## Collected material

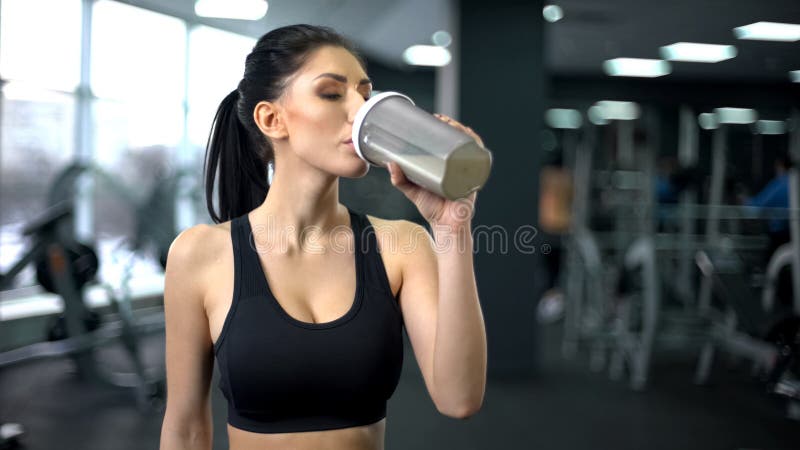 Sacudida de consumición de la proteína de la mujer deportiva después del entrenamiento, nutrición del aumento del músculo, salud fotografía de archivo
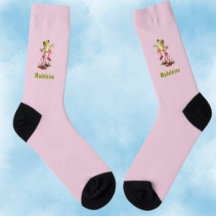 Grenouille en bottes roses mignonnes dans une flaq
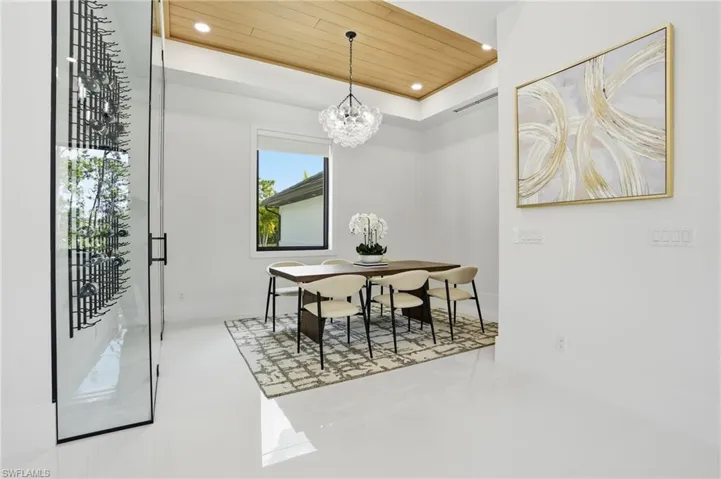 Dining room with wood ceiling, recessed lighting, a tray ceiling, and a chandelier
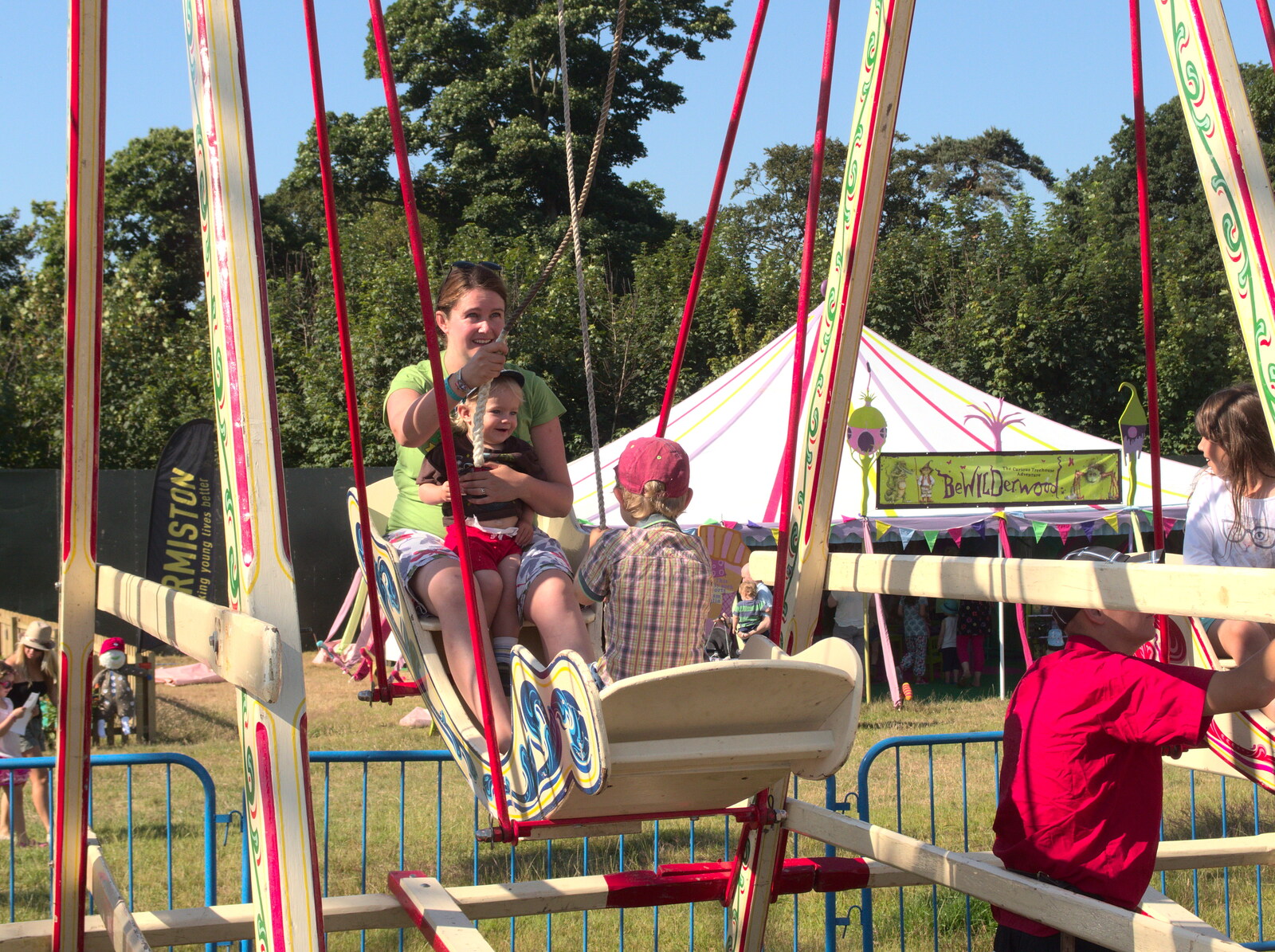 Isobel, Harry and Fred ride on the swing boats from The 8th Latitude Festival, Henham Park, Southwold, Suffolk - 18th July 2013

## Task brief
Repeat the listing exactly, minus its pictures.

## Exercise result
 Sacudida de consumición de la proteína de la mujer deportiva después del entrenamiento, nutrición del aumento del músculo, salud fotografía de archivo
 Grenouille en bottes roses mignonnes dans une flaq
 Dining room with wood ceiling, recessed lighting, a tray ceiling, and a chandelier
 Isobel, Harry and Fred ride on the swing boats from The 8th Latitude Festival, Henham Park, Southwold, Suffolk - 18th July 2013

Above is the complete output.